**Task item:**
Taking the line that contains "2025 BMW 2 Series 230i's photo" as the first, copy exactly every line through the last line of the records, and nothing else.

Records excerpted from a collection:
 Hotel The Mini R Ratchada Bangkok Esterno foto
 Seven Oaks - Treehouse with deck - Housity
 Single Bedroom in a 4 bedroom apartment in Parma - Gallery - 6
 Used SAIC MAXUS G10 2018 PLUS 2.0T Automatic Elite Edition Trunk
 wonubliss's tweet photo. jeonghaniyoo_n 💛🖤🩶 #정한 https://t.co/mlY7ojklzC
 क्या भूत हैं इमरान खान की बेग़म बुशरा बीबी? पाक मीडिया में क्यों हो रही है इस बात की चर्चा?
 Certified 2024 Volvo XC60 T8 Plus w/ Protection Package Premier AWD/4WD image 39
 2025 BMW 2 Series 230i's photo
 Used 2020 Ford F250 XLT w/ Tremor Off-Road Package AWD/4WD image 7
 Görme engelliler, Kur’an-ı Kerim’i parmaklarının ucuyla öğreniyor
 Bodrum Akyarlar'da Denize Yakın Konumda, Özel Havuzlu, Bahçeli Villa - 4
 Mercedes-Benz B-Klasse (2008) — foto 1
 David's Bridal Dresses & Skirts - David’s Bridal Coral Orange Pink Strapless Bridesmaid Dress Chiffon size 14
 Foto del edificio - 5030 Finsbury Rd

**Answer to the problem:**
 2025 BMW 2 Series 230i's photo
 Used 2020 Ford F250 XLT w/ Tremor Off-Road Package AWD/4WD image 7
 Görme engelliler, Kur’an-ı Kerim’i parmaklarının ucuyla öğreniyor
 Bodrum Akyarlar'da Denize Yakın Konumda, Özel Havuzlu, Bahçeli Villa - 4
 Mercedes-Benz B-Klasse (2008) — foto 1
 David's Bridal Dresses & Skirts - David’s Bridal Coral Orange Pink Strapless Bridesmaid Dress Chiffon size 14
 Foto del edificio - 5030 Finsbury Rd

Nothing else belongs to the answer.